The ability of some animals, including chameleons, octopus, and squid, to change their skin colour for camouflage, temperature control, or communication is well known. While science has been able to replicate these abilities with artificial skin, the colour changes are often only visible to the naked eye when the material is put under huge mechanical strain.
Now, however, researchers in China have developed a type of user-interactive electronic skin, with a colour change perceptible to the human eye, and achieved with a much-reduced level of strain. Their results could have applications in robotics, prosthetics and wearable technology.
Published in the journal 2D Materials, the study from Tsinghua University in Beijing, employed flexible electronics made from graphene, in the form of a highly-sensitive resistive strain sensor, combined with a stretchable organic electrochromic device.

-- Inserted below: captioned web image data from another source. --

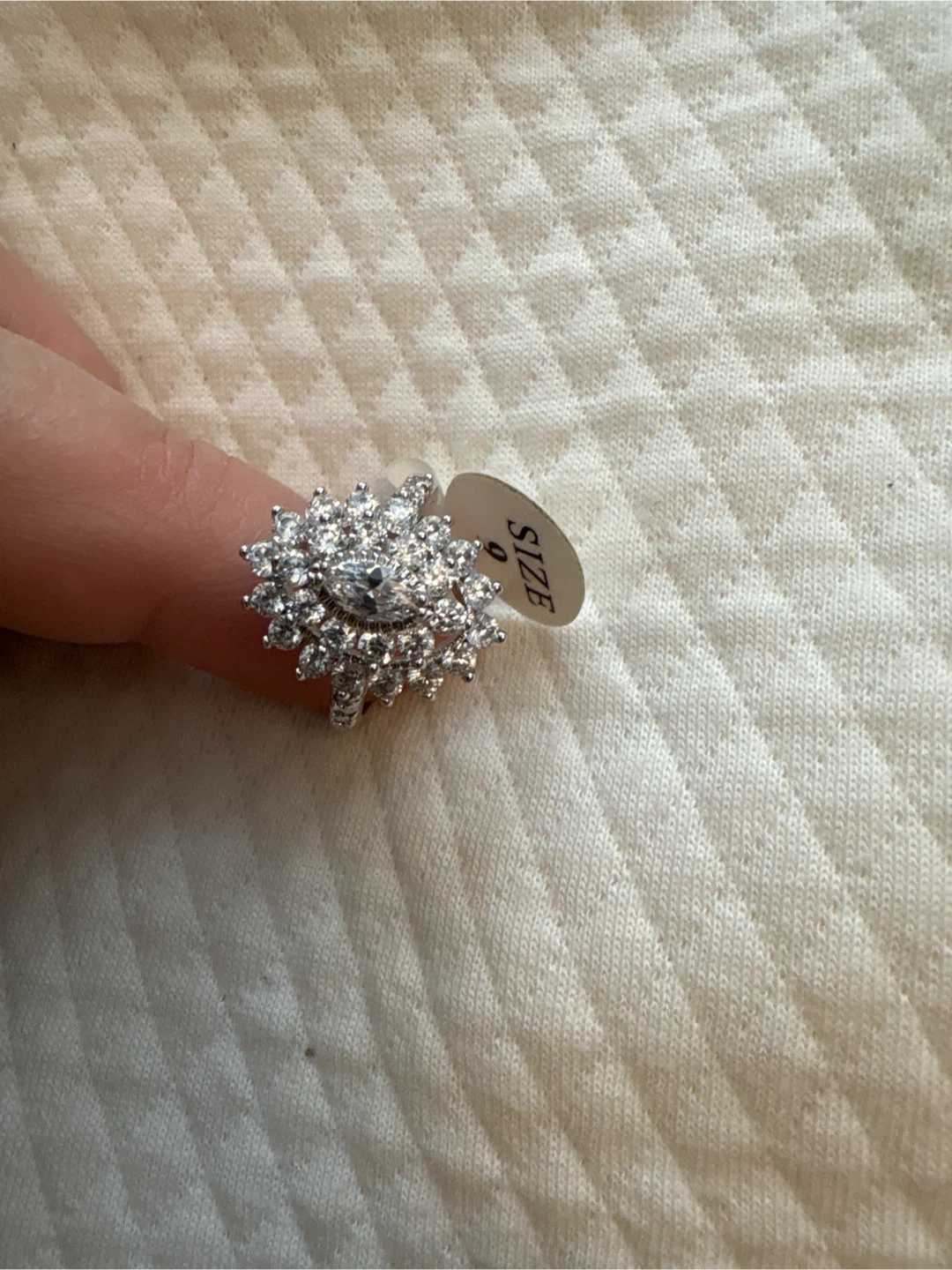 Size 9 Ring - photo 2
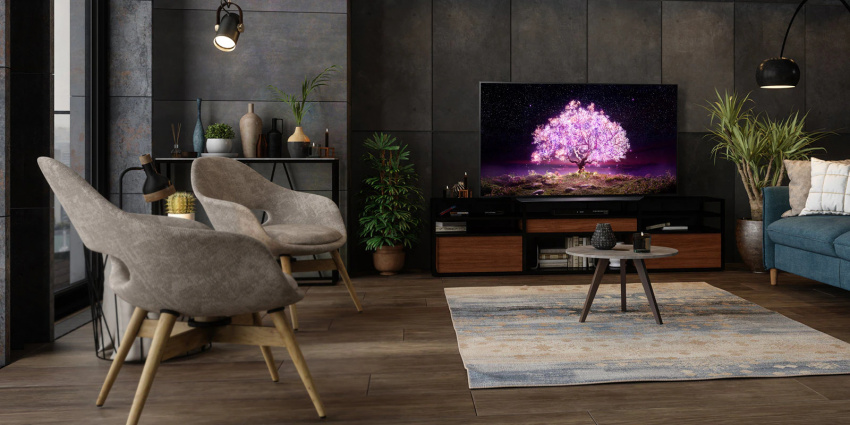 電視螢幕，顯示一棵在豪華家居發出紫色光芒的樹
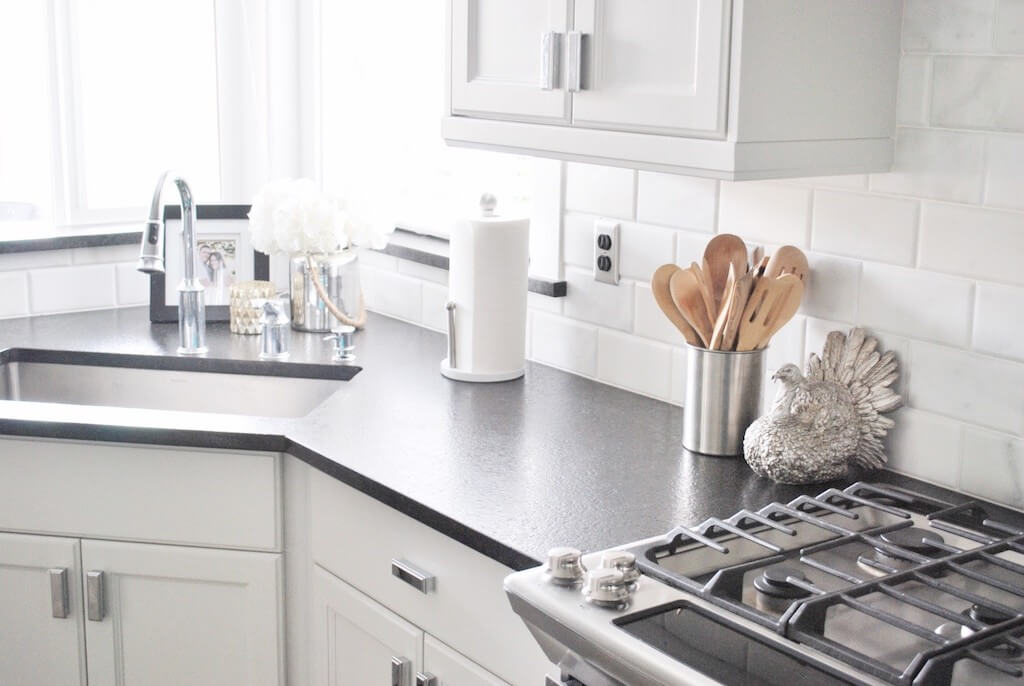 Откуда берутся мошки в квартире и как быстро избавиться от наглых гостей?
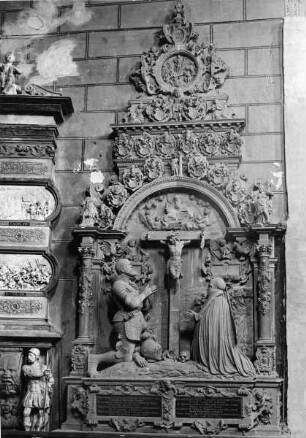 Grabdenkmal für Ludwig Casimir von Hohenlohe (gestorben 1568) und Anna von Solms-Lauenbach (gestorben 1594)
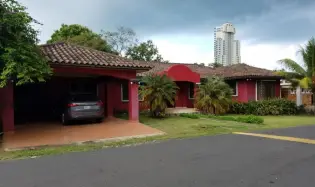 VENTA O ALQUILER DENTRO CLUB DE GOLF DE CORONADO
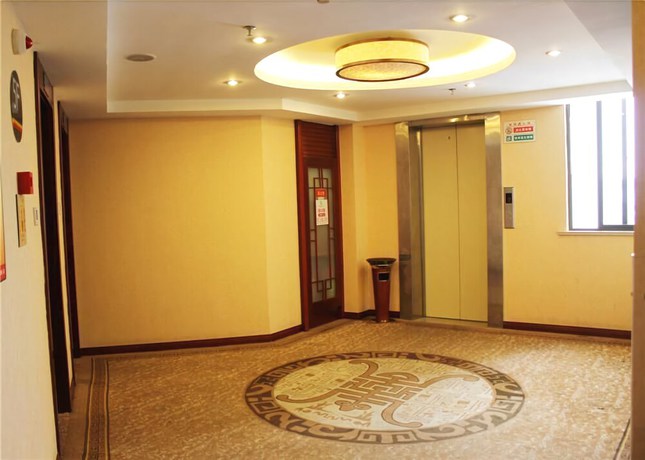 Imagen de los interiores del Hotel Qianshui Bay Hotel- Wuyuan. Foto 16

Lead author Dr Tingting Yang, from Tsinghua University, said: "We explored the substrate (underlying) effect on the electromechanical behaviour of graphene. To obtain good performance with a simple process and reduced cost, we designed a modulus-gradient structure to use graphene as both the highly sensitive strain-sensing element and the insensitive stretchable electrode of the ECD layer.
"We found subtle strain - between zero and 10% - was enough to cause an obvious colour change, and the RGB value of the colour quantified the magnitude of the applied strain."
Senior author Professor Hongwei Zhu said: "Graphene, with its high transparency, rapid carrier transport, flexibility and large specific surface area, shows application potential for flexible electronics, including stretchable electrodes, supercapacitor, sensors, and optical devices.
"However, our results also show that the mechanical property of the substrate was strongly relevant to the performance of the strain sensing materials. This is something that has previously been somewhat overlooked, but that we believe should be closely considered in future studies of the electromechanical behaviour of certain functional materials."
Dr Yang said: "It's important to note that the capability we found for interactive colour changes with such a small strain range has been rarely reported before. This user-interactive e-skin should be promising for applications in wearable devices, robots and prosthetics in the future."